The first one installs a callback that will be invoked when a change
happens in the source.
Regarding the *_add() function, not sure if we should indicate which
element we want to monitor. I didn't consider it, but maybe it's worth
to add as parameter: if plugin can monitor a specific element, then it
can use it, else it will ignore the parameter. Plugin's documentation
should clearly state if it allows to monitor a specific folder or not.

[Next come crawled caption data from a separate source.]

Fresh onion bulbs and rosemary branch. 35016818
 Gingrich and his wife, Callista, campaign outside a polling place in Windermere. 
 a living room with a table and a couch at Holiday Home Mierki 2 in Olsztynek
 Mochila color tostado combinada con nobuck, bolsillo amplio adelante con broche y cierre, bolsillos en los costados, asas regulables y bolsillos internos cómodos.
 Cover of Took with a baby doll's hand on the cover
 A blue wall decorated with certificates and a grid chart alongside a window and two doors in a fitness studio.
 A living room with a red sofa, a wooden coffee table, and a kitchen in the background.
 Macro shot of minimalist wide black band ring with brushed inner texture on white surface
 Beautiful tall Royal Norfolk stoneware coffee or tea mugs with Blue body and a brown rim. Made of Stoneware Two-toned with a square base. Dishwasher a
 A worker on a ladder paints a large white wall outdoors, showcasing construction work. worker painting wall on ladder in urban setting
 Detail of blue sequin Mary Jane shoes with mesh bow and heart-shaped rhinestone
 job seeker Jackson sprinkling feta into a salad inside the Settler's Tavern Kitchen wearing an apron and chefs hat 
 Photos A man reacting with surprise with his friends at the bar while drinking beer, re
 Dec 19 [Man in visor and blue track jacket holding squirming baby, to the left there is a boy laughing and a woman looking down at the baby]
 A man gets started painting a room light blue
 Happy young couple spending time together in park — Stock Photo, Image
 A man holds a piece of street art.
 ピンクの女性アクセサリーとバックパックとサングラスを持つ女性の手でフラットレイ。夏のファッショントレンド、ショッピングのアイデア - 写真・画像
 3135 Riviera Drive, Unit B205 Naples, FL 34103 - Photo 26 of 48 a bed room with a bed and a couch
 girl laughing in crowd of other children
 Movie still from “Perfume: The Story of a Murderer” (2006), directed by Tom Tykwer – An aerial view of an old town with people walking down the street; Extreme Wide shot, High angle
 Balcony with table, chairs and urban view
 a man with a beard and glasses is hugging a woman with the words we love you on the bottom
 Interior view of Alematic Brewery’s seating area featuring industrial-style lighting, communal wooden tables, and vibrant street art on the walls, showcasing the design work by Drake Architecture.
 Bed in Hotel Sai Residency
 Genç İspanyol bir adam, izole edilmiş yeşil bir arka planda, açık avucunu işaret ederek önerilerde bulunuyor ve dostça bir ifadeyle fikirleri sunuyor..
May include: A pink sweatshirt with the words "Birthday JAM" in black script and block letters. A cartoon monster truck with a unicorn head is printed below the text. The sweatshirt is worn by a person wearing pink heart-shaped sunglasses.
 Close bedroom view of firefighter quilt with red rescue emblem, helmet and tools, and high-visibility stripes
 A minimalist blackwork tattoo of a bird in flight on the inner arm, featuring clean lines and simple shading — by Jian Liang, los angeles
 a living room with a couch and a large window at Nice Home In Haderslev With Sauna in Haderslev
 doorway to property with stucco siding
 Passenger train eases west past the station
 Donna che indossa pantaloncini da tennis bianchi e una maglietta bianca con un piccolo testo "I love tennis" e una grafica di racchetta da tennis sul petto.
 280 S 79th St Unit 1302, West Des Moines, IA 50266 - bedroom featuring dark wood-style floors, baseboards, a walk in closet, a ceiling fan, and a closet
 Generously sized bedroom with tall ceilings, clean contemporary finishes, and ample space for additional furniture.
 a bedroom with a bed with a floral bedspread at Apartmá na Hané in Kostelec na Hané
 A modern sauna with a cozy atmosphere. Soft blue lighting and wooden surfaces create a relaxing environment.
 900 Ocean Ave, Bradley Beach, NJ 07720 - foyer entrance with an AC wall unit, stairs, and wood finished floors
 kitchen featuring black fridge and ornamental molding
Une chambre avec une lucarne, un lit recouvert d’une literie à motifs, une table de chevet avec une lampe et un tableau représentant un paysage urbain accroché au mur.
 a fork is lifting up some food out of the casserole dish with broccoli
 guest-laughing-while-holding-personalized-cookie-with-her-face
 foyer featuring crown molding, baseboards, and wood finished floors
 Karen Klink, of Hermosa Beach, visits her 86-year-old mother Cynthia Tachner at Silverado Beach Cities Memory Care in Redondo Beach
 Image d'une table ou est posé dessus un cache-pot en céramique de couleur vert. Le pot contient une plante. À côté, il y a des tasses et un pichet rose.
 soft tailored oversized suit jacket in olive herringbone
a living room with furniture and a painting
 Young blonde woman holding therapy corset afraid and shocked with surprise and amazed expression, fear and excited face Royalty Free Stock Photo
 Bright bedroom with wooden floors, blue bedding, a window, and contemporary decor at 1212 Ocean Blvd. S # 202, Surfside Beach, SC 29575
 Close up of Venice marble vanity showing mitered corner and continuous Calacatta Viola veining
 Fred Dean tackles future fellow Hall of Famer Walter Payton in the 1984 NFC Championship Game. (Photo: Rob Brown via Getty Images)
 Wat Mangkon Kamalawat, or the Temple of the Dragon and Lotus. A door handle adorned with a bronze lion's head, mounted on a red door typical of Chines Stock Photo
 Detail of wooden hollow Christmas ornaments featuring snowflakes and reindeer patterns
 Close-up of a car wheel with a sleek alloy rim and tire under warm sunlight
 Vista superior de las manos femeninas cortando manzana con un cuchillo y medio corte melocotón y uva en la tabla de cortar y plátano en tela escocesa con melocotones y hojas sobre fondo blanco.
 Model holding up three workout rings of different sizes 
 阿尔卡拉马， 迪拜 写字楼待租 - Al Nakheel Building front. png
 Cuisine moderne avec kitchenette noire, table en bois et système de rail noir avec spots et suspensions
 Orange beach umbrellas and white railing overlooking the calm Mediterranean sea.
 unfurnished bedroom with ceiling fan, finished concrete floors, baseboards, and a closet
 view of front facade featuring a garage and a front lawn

How the notifications are sent? This is the callback signature:
typedef void
(*GrlMediaSourceUpdatedCb) (GrlMediaSource *source,
GrlMedia *media,
GrlMediaSourceUpdatedType type,
gboolean include_children,
gpointer user_data);
"media" is the media that has changed. Usually, it will be a GrlBox,
meaning that content in that box has changed. But I keep the more
generic GrlMedia just in case a plugin has the ability to specifically
notifiy that a media has changed.
We use a "media" and not the media "id" because it is expected that if
it changes, user application will perform a metadata/browse operation.
Thus it doesn't need to create the right media to do it; it already has
the changed element to use.
Also, using a GrlMedia is easy to know if content has changed (in case
it is a GrlBox) or if the property of the element has changed (in case
of GrlAudio, for instance).
"include_children" means that the media, or any of its descendants, have
changed. Of course, it only means in the (standard) case of using a
GrlBox as media.
If include_children==FALSE, it means that the box content (the direct
children) have changed. But if include_children==True then any of the
direct or indirect (children, grand-children, ...) have changed.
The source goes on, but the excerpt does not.